Share via


Grammars: Purpose and Structure

This content is no longer actively maintained. It is provided as is, for anyone who may still be using these technologies, with no warranties or claims of accuracy with regard to the most recent product version or service release.

Grammars are structures that contain single words, complex phrases, or lists of words or complex phrases. These grammar structures use Extensible Markup Language (XML) elements and plain text to attempt to match human patterns of speech. Use grammar structures to process command and control situations in which the user speaks orders, commands, responses, or requests to a speech application.

Grammars form the guidelines that the application must use to recognize orders that a user might issue to it. A grammar contains an ordered list of words or phrases that the application uses to recognize what a user says. Unless the words or phrases are defined in the grammar structure, the application cannot recognize the user's spoken commands.

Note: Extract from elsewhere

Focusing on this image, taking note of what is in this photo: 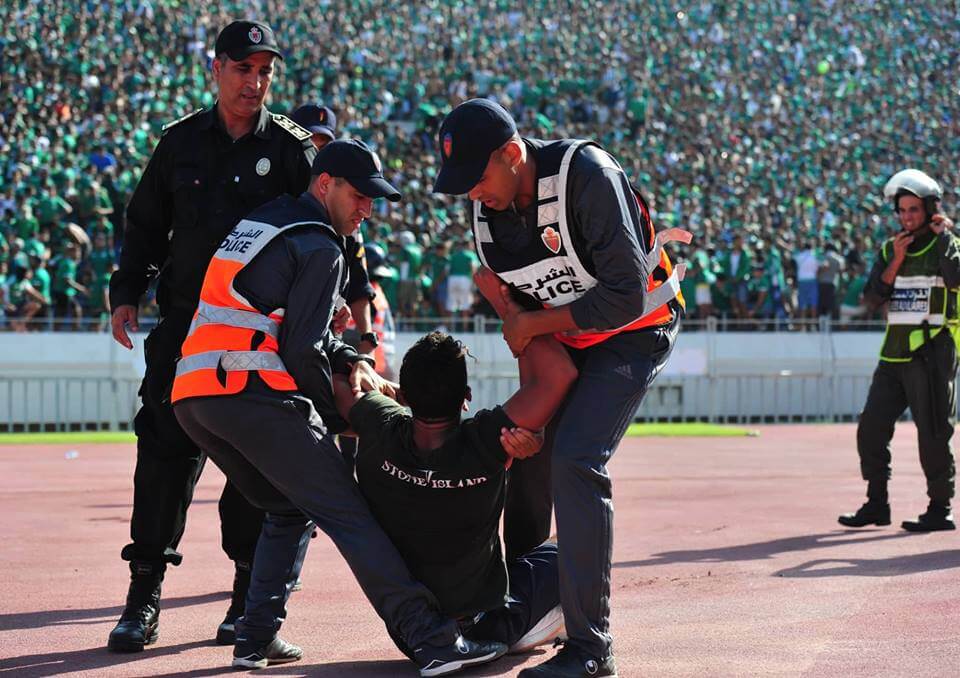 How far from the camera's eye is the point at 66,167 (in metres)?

A very simple application can limit spoken commands to single words, such as Open or Print. In this case, a grammar is not much more than a list of words. However, many applications require more complex commands or sentences. The user experience demands that speech with computers approach a natural, spoken language level, so users can speak in normal and natural sounding sentences. For example, a ticket ordering application must accept "I want to order two tickets for the 10 P.M. show." This application must also recognize and respond to variations of the same phrase; "I want to buy," "I'd like to buy," or even the more impolite "gimme two tickets."

Voice commands require flexibility in accepting statements, but at the same time, grammars must impose limits on the application. For example, although the statement "my mother is sick" might imply an urgent need to buy an airline ticket, it is unreasonable for the ticket ordering application to process it as a purchase request.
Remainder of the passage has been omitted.